アクティブ・レンジャー日記
ツマアカ女王バチ市民駆除大作戦の結果ご報告
2020年08月12日初めまして、この4月から対馬自然保護官事務所厳原事務室ARとして働かせていただいております、加藤と申します。
今回は対馬での「ツマアカ女王バチ駆除大作戦」の結果についてご紹介します。"ツマアカ"とは、ツマアカスズメバチのことで、西はアフガニスタン東は台湾までを自然分布域とする特定外来生物のスズメバチです。日本では2012年にこの対馬で初めて働き蜂が確認され、日本では対馬でのみ定着しています。
ツマアカスズメバチに限らず、特定外来生物はそこに生息する在来種の生態を脅かします。例えば、小笠原諸島の父島・母島で野生化したグリーンアノールは、絶滅危惧ⅠA類に指定されているオガサワラシジミなどの在来種を捕食し被害を与えています。
ではツマアカスズメバチの場合はどうかと言いますと、ツマアカスズメバチは対馬で養蜂に用いられているニホンミツバチを捕食します。ニホンミツバチによって作られる蜂蜜は非常に貴重で、その糖度の高さから卸値が一升あたり2万円を超えることもあるそうです。そのため、ツマアカスズメバチの防除は在来種を守るだけでなく、対馬の伝統を守るための取組みでもあります。
▲対馬の養蜂で用いられる蜂洞(はちどう)。対馬では至る所に設置されている。
この取組みの一環として行われているのが、今回ご紹介する「ツマアカ女王バチ市民駆除大作戦」です。この作戦は、冬眠明けに活動を開始する女王バチを捕獲の対象として、市民の皆様にこれを捕獲するためのトラップを仕掛けていただくというものです。
▲穴を空けたペットボトルにカルピス・水・ドライイーストを混ぜた物を木に吊す。
穴の部分が返しになっており一度入ったツマアカスズメバチは外に出られず溺死する。
今年も多くの方にご協力いただき、対馬全島で推定3,800匹のツマアカ女王バチを捕獲することが出来ました。この場をお借りしてお礼申し上げたいと思います。本当にありがとうございました。
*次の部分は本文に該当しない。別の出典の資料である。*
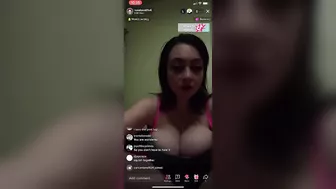 Pussy Flash in panties.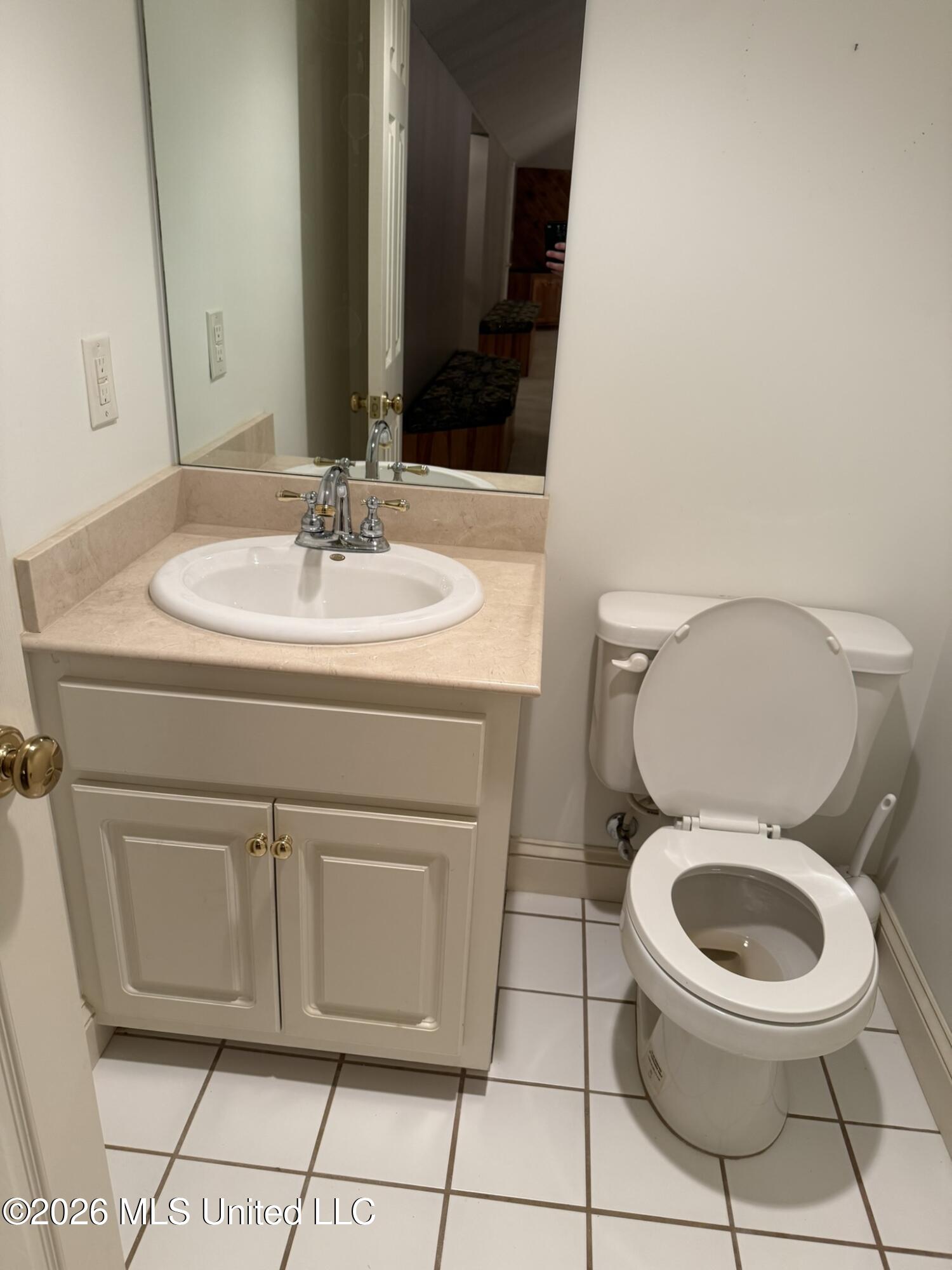 3112 S Holden Drive Property Photo 19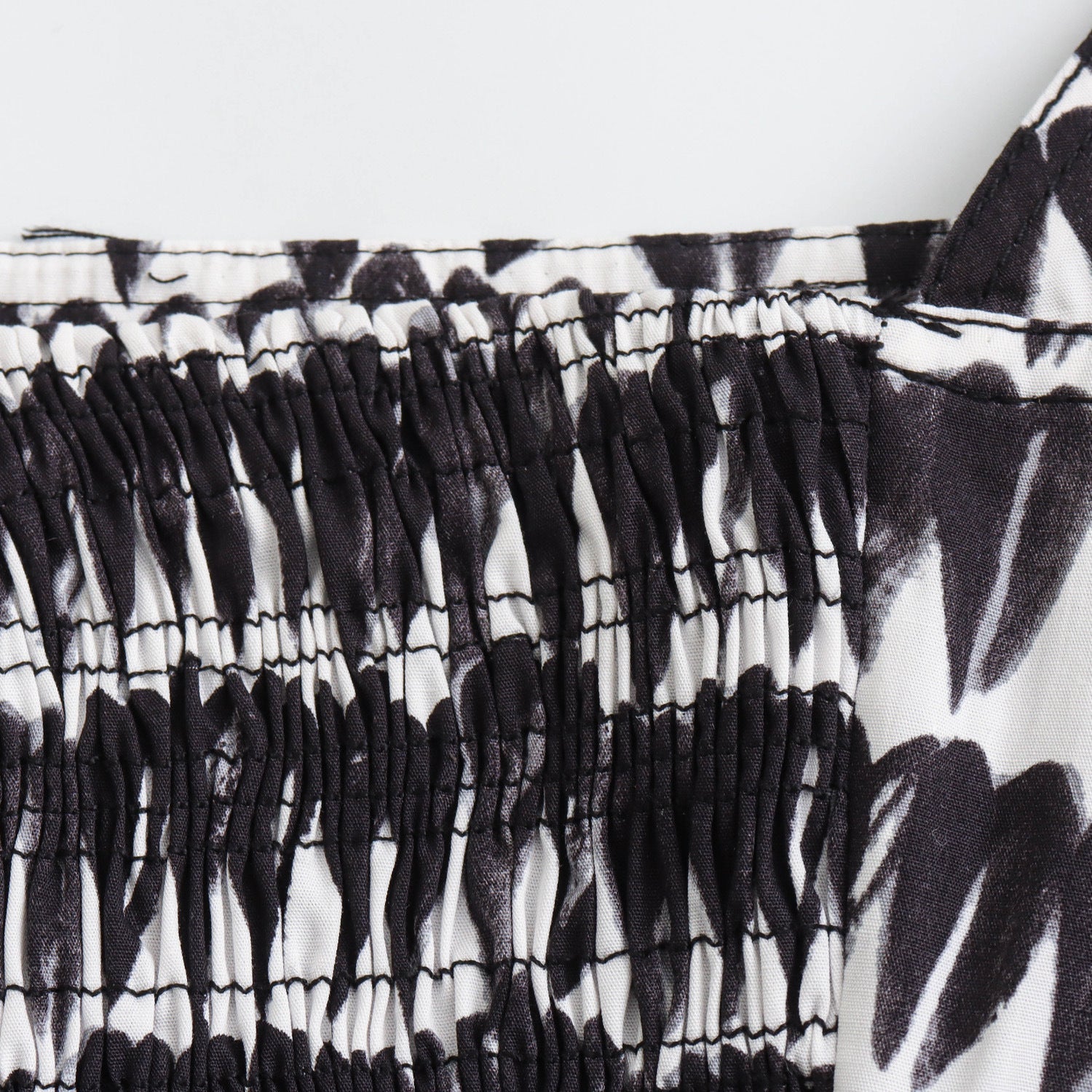 Σετ Μπλούζας Και Φούστας Με Στάμπα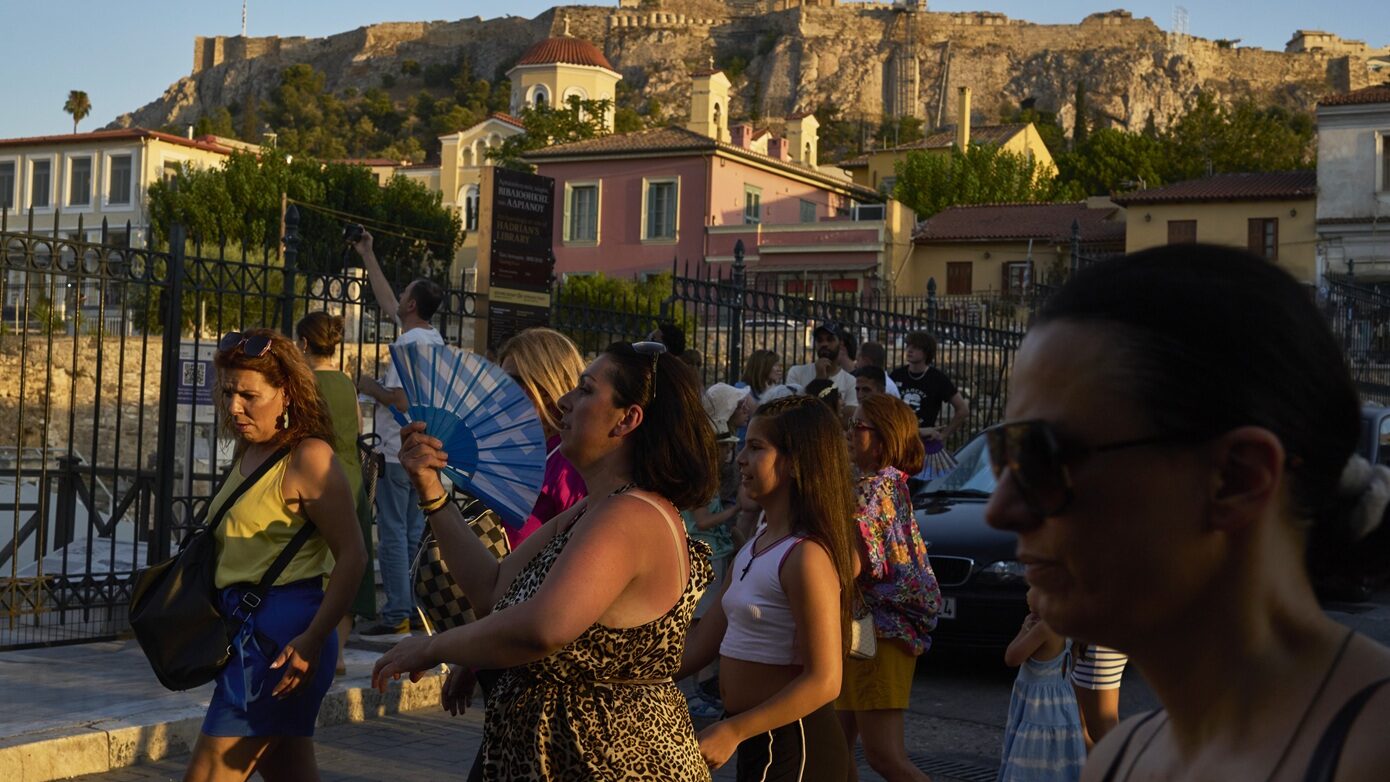 Η Αθήνα πρωτοπόρος προορισμός για διακοπές χωρίς αυτοκίνητο στην Ευρώπη – Βασικό κριτήριο η προσβασιμότητα και η οικονομία των ΜΜΜ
さて、この結果の評価をしますと、昨年捕獲されたのは約12,000匹だったので、この数字を見ると昨年に比べて生息数がかなり減少しているのではないかと期待できそうです。昨年は台風等の悪天候が重なり、木の上に作る巣の多くが壊されたのではないかと思われ、これが今回の結果に大きな影響を与えていると考えています。これをチャンスと捉え、対馬の豊かな自然とニホンミツバチを守るため、本種の防除により一層取り組んでいきたいと思います。